(What you will do)
Going through the material below, output exactly the lines from the one containing "Ricetta Torta al limone" through the one containing "2021 Ram 2500 - Image 57", and no pictures.

(Extracted data)
-=-=-=-=-

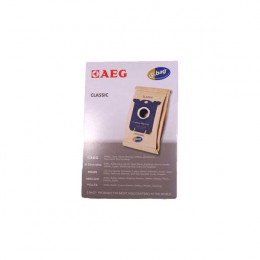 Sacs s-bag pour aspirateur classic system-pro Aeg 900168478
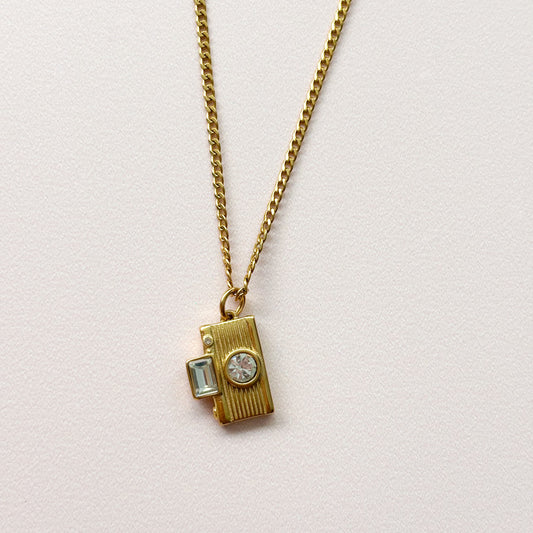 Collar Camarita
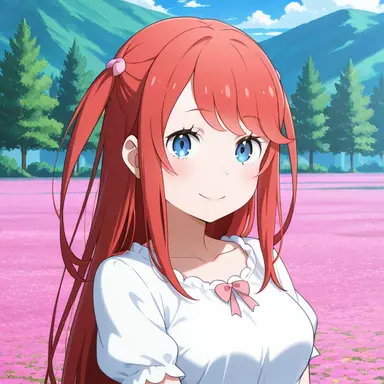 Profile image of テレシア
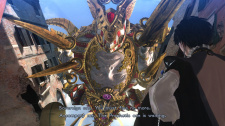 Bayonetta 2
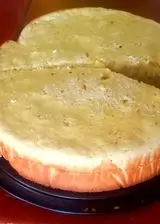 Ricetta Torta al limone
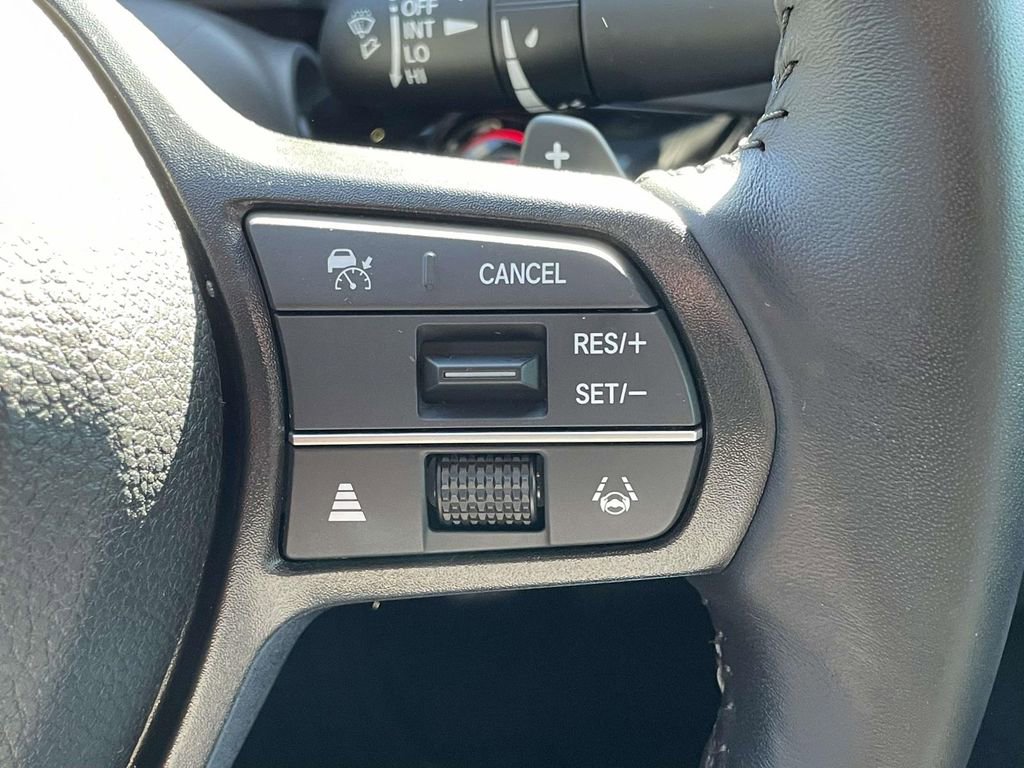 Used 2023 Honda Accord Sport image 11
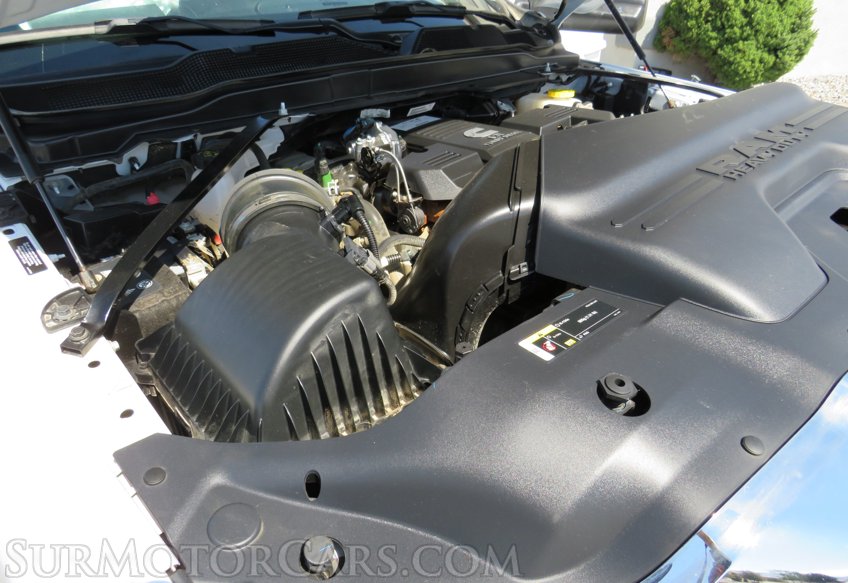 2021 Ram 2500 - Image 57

-=-=-=-=-

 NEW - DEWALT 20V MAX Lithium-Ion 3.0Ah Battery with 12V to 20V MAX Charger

-=-=-=-=-

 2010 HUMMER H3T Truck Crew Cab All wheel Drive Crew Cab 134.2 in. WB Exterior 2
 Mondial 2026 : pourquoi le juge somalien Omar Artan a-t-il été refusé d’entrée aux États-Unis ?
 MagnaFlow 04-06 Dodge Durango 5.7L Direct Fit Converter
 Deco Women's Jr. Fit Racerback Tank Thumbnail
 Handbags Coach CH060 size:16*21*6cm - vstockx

-=-=-=-=-

(Your response)
 Ricetta Torta al limone
 Used 2023 Honda Accord Sport image 11
 2021 Ram 2500 - Image 57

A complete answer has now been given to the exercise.